Traditional health monitoring methods rely on wired transmission, which limits the flexibility and real-time data acquisition. Therefore, technology combining optical sensors and wireless mobile networks offers new opportunities for health monitoring. This study aims to explore the application of deep Convolutional neural network (DCNN) algorithm based on optical sensor and wireless mobile network in real-time health monitoring, improve the accuracy and real-time monitoring, and support personalized health management. A monitoring system integrating optical sensor and wireless mobile network is designed. Deep convolutional neural network is used to process the data collected by sensor. The system realizes real-time data transmission through the mobile network, and uploads the user’s physiological data to the cloud for analysis. During the experiment, we conducted a series of tests, including the monitoring of physiological parameters such as heart rate and blood oxygen saturation, and compared it with traditional methods. The experimental results show that the monitoring system based on DCNN has a high identification accuracy in multiple health parameters, and the application of wireless mobile network reduces the data transmission delay to the millisecond level, ensuring the real-time and effectiveness of health monitoring information. In addition, the data acquisition effect of the user in the mobile state is good, which fully demonstrates the portability and convenience of the system.

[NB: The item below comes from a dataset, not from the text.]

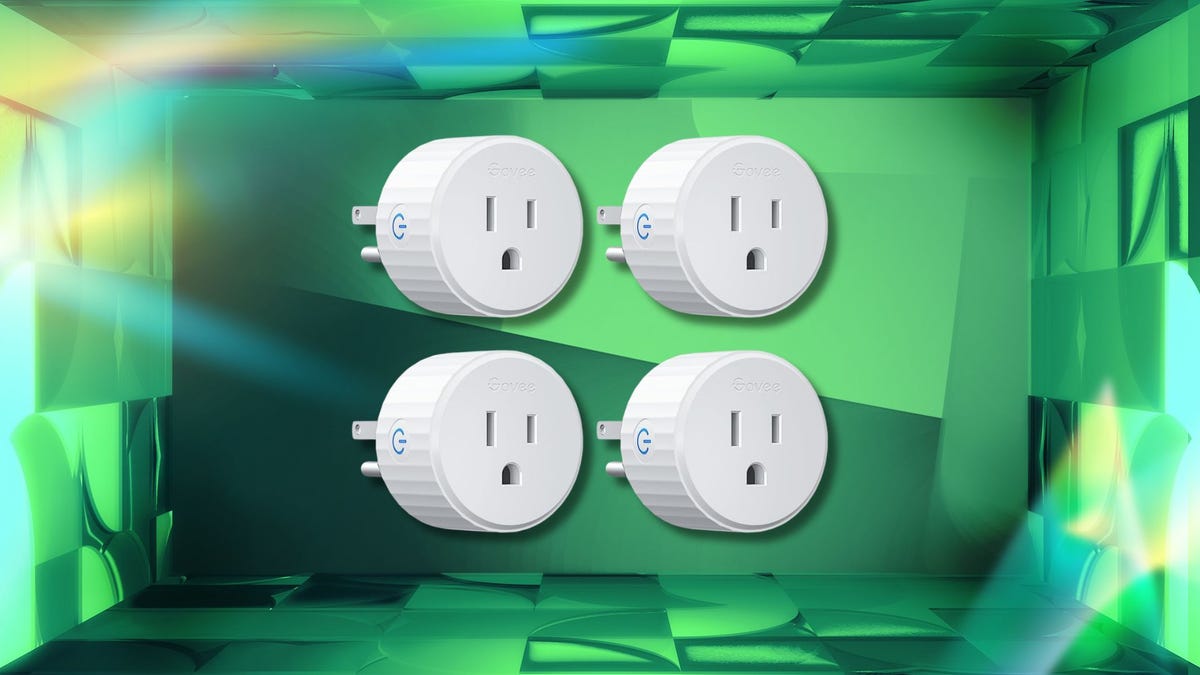 Four white round Govee smart plugs against a CNET background.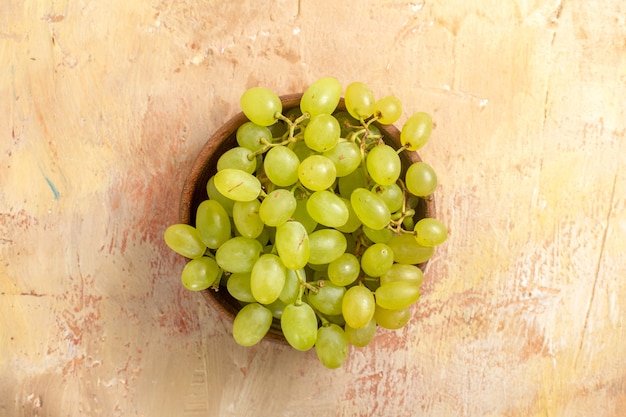 Foto grátis vista superior em close-up da tigela de uvas com cachos de uvas verdes na mesa de creme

传统的健康监测方法依赖于有线传输,这限制了数据采集的灵活性和实时性。因此,结合光学传感器和无线移动网络的技术为健康监测提供了新的机遇。本研究旨在探索基于光学传感器和无线移动网络的深度卷积神经网络(DCNN)算法在实时健康监测中的应用,提高监测的准确性和实时性,支持个性化健康管理。本文设计了一个集成光学传感器和无线移动网络的监测系统。深度卷积神经网络用于处理传感器采集的数据。系统通过移动网络实现实时数据传输,并将用户的生理数据上传到云端进行分析。实验中,我们进行了一系列测试,包括心率、血氧饱和度等生理参数的监测,并与传统方法进行了对比。实验结果表明,基于 DCNN 的监测系统在多个健康参数上都有较高的识别精度,无线移动网络的应用将数据传输延迟降低到毫秒级,保证了健康监测信息的实时性和有效性。此外,用户在移动状态下的数据采集效果良好,充分体现了系统的便携性和便捷性。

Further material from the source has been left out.